Please reproduce the data exactly and omit the pictures.

→ **GIVEN DATA**:

--- START ---

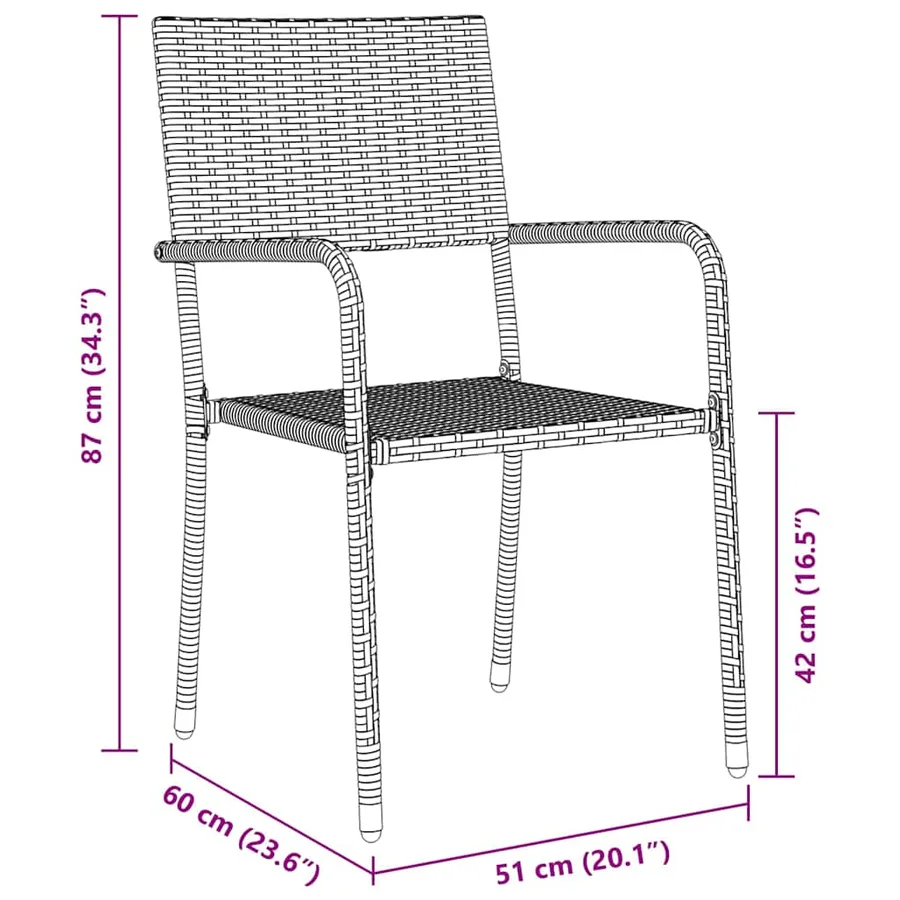 Ensemble de salle à manger pour jardin 7 pcs Gris polyrotin - 8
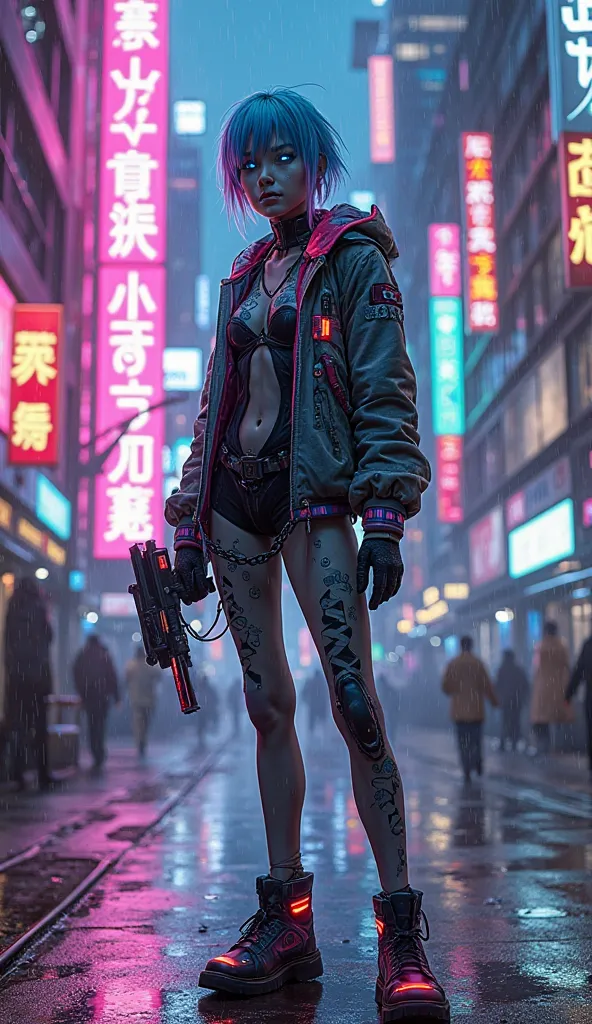 A futuristic cyberpunk character, standing in a neon-lit alleyway in a sprawling megacity. The character has a9 sleek, augmented...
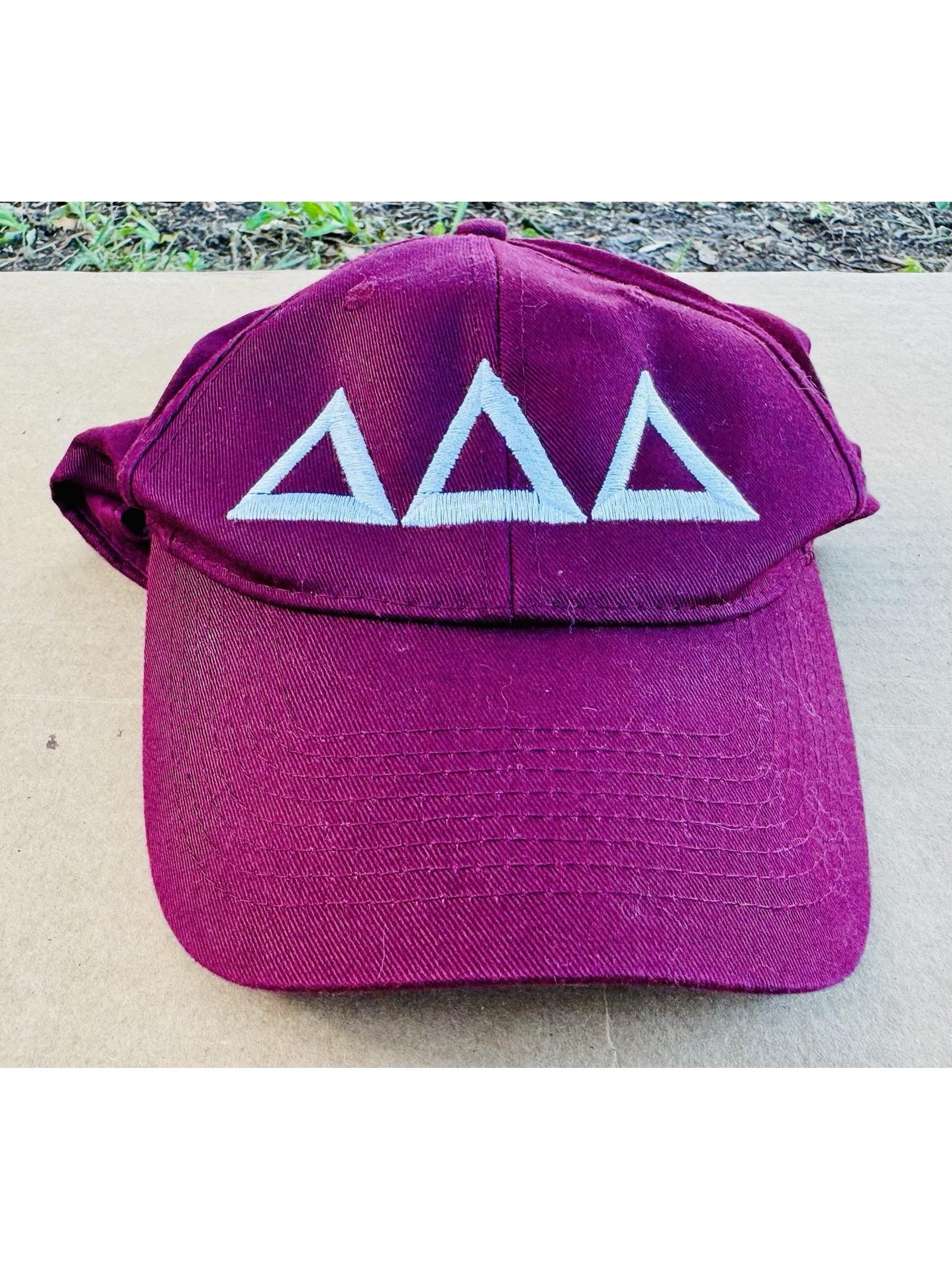 Delta Delta Delta Tri Delta Purple Sorority Hat Adjustable Embroidered Cap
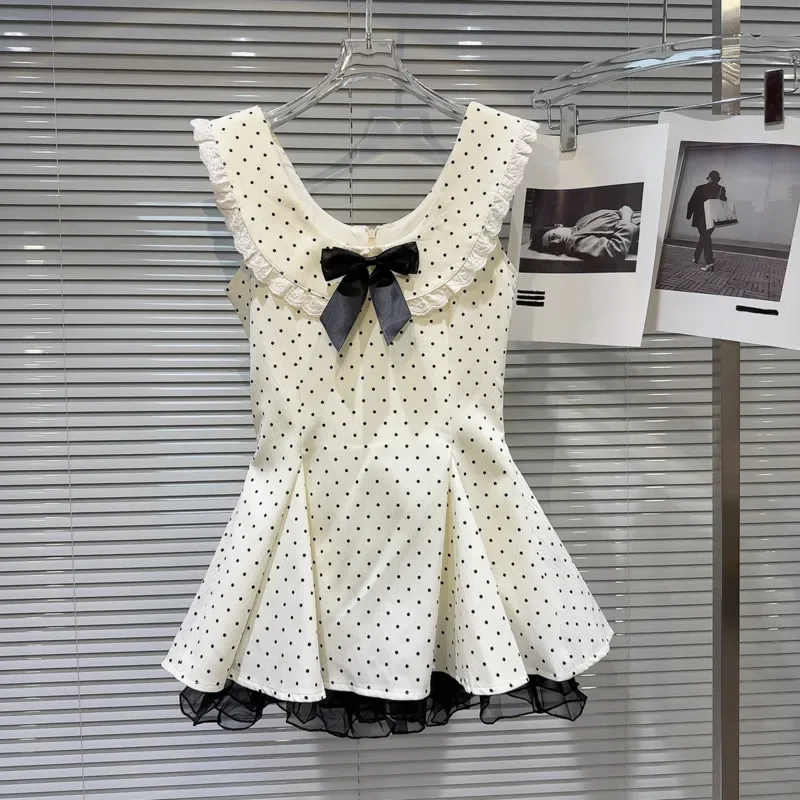 

2025 Summer New Arrival Sleeveless Bow Pin Ruffled Collar Polka Dot Slim Waist Short Tank Dress Women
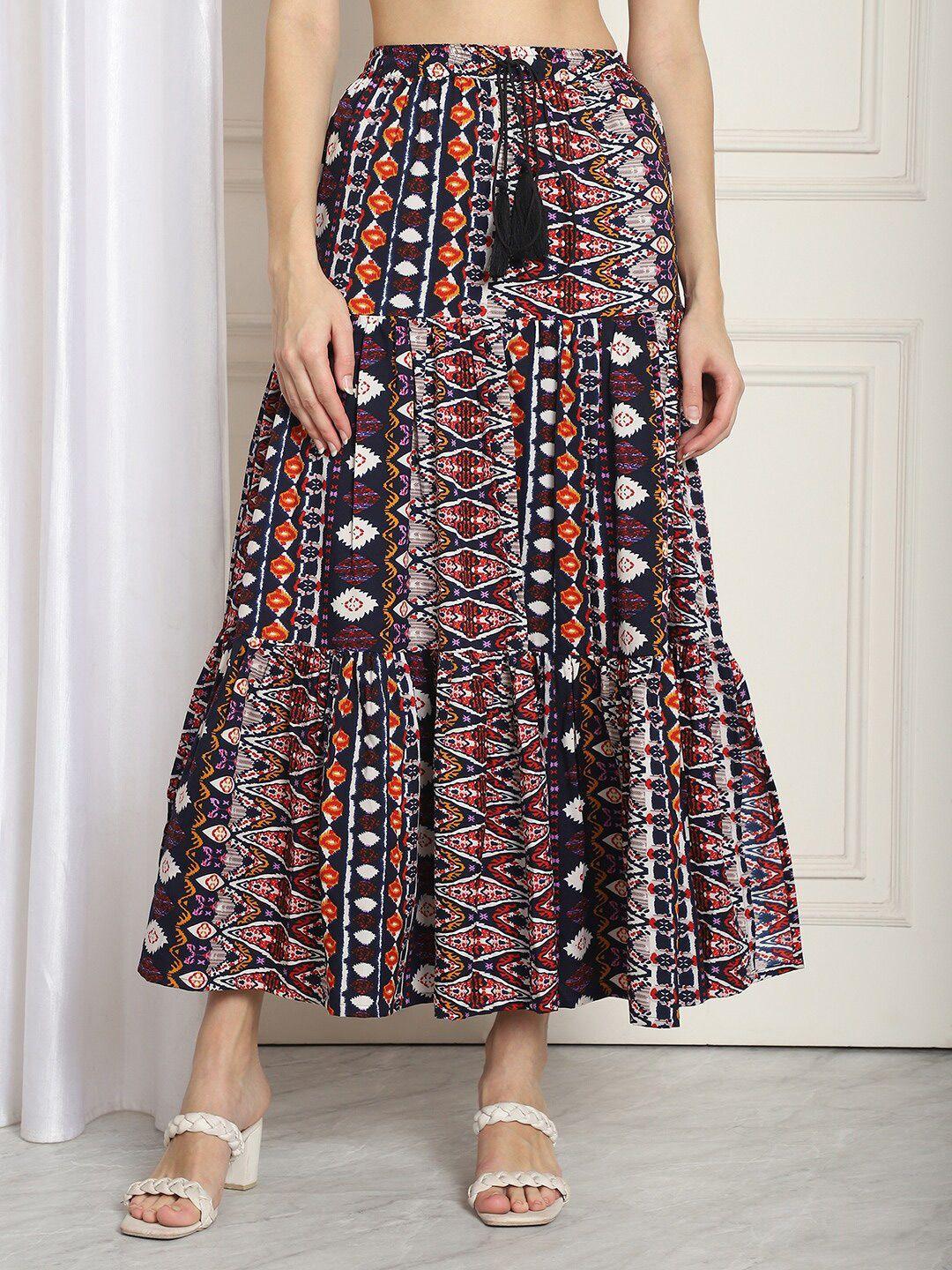 neudis ethnic motifs printed tiered a-line maxi skirt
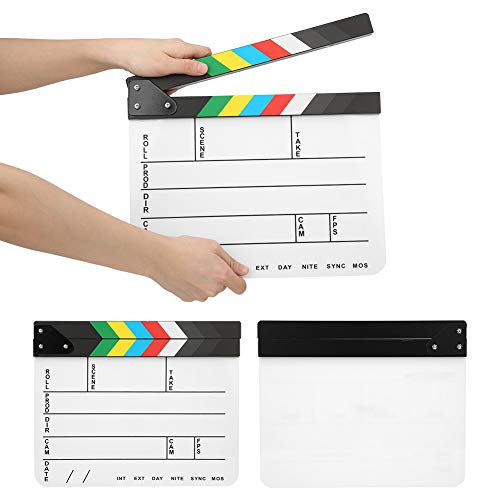 Oumij1 Clapperboard fotografia narzędzie, 30 x 25 cm akrylowy klap filmowy profesjonalny reżyser akcja klap film fotografia narzędzie (kolor (PAV1CWE4))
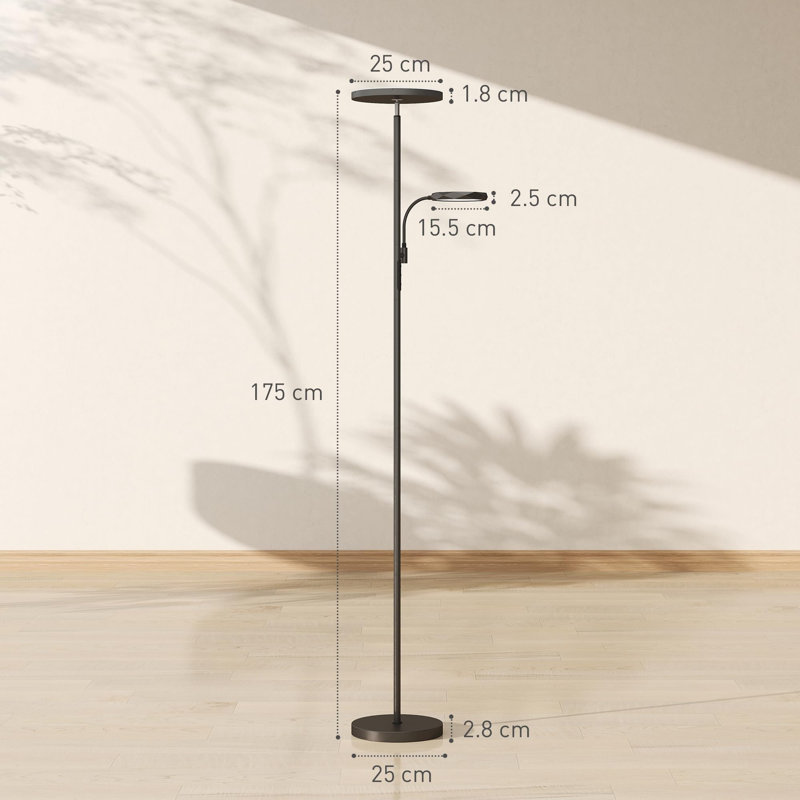 175cm Black LED Torchiere Floor Lamp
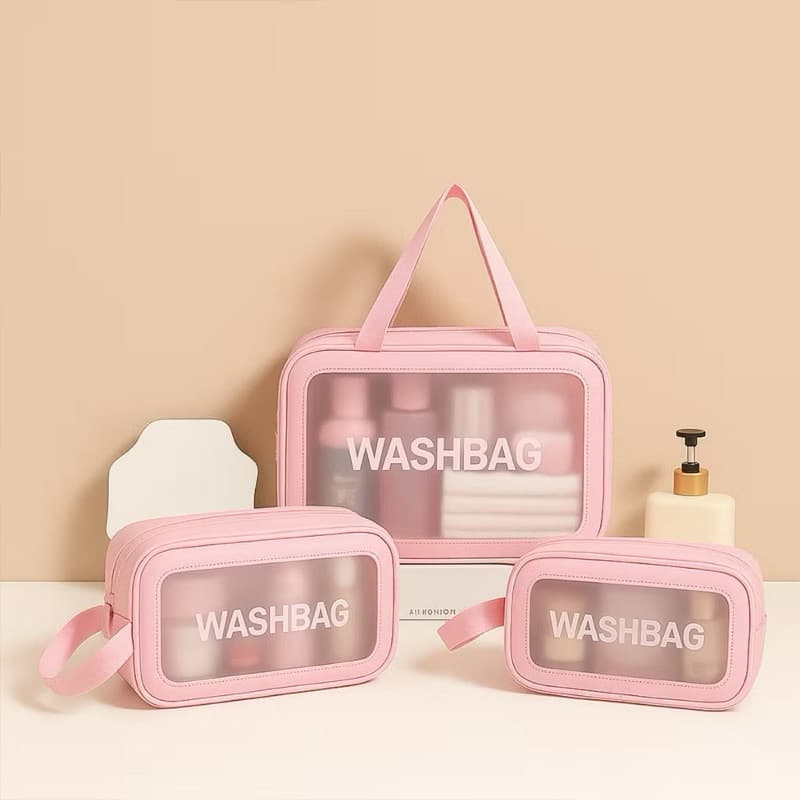 KIT 3 Necessaire Maquiagem Transparente WashBag A Prova De Água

--- END ---

→ **SOLUTION TO THE EXERCISE**:
 Ensemble de salle à manger pour jardin 7 pcs Gris polyrotin - 8
 A futuristic cyberpunk character, standing in a neon-lit alleyway in a sprawling megacity. The character has a9 sleek, augmented...
 Delta Delta Delta Tri Delta Purple Sorority Hat Adjustable Embroidered Cap

2025 Summer New Arrival Sleeveless Bow Pin Ruffled Collar Polka Dot Slim Waist Short Tank Dress Women
 neudis ethnic motifs printed tiered a-line maxi skirt
 Oumij1 Clapperboard fotografia narzędzie, 30 x 25 cm akrylowy klap filmowy profesjonalny reżyser akcja klap film fotografia narzędzie (kolor (PAV1CWE4))
 175cm Black LED Torchiere Floor Lamp
 KIT 3 Necessaire Maquiagem Transparente WashBag A Prova De Água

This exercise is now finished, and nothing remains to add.